Enrique Peña Nieto fue electo presidente de la República a través de la compra masiva de votos y excediendo con creces el tope oficial de gasto de campaña para un candidato presidencial; anteriormente, cuando se desempeñó como gobernador del estado de México (2005-2011), había mostrado excesos de autoritarismo (represión en Atenco); connivencia en el caso de la muerte de la niña Paulette; encubrimiento de su mecenas Arturo Montiel Rojas, quien fue reiteradamente señalado de enriquecimiento ilícito por Roberto Madrazo Pintado en las elecciones internas del PRI de 2006, y de efectuar gastos anticipados de campaña al contratar espacios publicitario por cientos de millones de pesos con Televisa. La unción presidencial no le dio legitimidad a Peña Nieto; menos aun la criminalización de la protesta social, la ineficacia para combatir al crimen organizado ni las reformas constitucionales por él impulsadas en los dos años de su gestión presidencial.
La frontera entre organizaciones criminales y administración pública se desdibujó; el uso legítimo de la fuerza ya no es monopolio estatal; se erosionó la autoridad del Poder Ejecutivo en la toma de decisiones; los altos índices de criminalidad y corrupción evidencian la ineficacia de las instituciones avocadas a la procuración e impartición de justicia; por estos considerandos, el Estado mexicano es considerado como fallido, y también como responsable de las desapariciones forzadas y las detenciones arbitrarias de los que hacen valer su derecho constitucional de manifestación pacífica. Es inadmisible e incomprensible que la señora Ángeles Pineda de Abarca, presunta responsable de los crímenes de Iguala de 2013 y 2014, esté arraigada, y 11 ciudadanos que se manifestaron pacíficamente en la ciudad de México el pasado 20 de noviembre estén recluidos en cárceles de alta seguridad.

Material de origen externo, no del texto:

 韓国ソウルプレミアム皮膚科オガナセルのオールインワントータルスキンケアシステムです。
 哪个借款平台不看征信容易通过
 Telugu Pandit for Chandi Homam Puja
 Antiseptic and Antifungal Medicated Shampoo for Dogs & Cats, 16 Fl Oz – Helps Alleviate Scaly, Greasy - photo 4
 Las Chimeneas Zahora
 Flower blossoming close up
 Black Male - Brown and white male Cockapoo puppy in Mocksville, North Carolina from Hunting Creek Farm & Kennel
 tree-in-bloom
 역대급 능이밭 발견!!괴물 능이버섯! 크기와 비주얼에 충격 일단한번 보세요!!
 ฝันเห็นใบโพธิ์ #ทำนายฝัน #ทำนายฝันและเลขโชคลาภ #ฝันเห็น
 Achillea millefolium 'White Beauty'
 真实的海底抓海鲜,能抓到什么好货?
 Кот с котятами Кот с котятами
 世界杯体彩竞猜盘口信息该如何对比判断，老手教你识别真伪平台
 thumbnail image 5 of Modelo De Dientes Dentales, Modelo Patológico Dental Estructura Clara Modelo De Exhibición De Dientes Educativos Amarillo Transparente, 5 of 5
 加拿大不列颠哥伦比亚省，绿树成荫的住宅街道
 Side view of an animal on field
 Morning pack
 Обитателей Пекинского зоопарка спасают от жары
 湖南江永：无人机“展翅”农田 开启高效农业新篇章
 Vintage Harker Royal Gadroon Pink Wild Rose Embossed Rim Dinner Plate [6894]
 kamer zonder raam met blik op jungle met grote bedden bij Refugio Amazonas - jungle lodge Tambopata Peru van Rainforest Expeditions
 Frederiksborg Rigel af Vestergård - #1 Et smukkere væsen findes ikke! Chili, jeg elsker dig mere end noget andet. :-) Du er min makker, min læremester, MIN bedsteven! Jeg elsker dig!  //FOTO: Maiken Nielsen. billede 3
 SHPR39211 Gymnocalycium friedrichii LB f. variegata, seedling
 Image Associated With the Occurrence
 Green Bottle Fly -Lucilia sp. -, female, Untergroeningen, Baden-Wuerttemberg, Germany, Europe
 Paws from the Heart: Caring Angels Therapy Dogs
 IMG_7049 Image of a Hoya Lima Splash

Intimidante e infortunada fue la expresión presidencial de vincular la omisión de su declaración patrimonial con un complot desestabilizador. Peña Nieto, como cualquier funcionario público federal, está obligado a declarar su patrimonio, así como el de su familia; además, él se comprometió a hacerlo público ante notario el 30 de marzo de 2012; sin embargo, en su declaración patrimonial del 15 de enero de 2013 omitió señalar el valor de sus bienes inmuebles, la forma en que fueron adquiridos y su ubicación, sus ingresos por inversiones financieras e ingreso laboral y, lo más grave aún: no incluyó en su declaración patrimonial el inmueble en que vivía (la casita blanca de Sierra Gorda No. 150). La famosa casita blanca es propiedad del constructor de cabecera de Peña Nieto, el mismo que como gobernador del estado de México le facturó 35 mil millones de pesos (mmp) y como presidente apenas le ha facturado 22 mmp (acueducto Monterrey, hangar presidencial), además de ser el ganador de la licitación para construir el tren rápido México-Querétaro. Este evidente conflicto de intereses fue trivializado por Peña Nieto, y lo que es una obligación fue asumida como un acto de valentía y generosidad; el presidente de la República debe transparentar los ingresos de la nación y los propios, y no se ha demostrado el acto de compra venta de la casita blanca: no hay contrato protocolizado ante notario público, no hay exhibición de cheques o transferencias bancarias que acrediten la compra; tampoco sabemos cuánto nos costará la cancelación de la licitación del tren México-Querétaro. Mucho ayudaría a la estabilidad política que se transparentara el ejercicio de la hacienda pública, que hubiera congruencia entre las acciones gubernamentales y el Plan Nacional de Desarrollo, que se procurara justicia, se castigara a los criminales, se liberara a los presos políticos y que no se criminalizara la protesta social.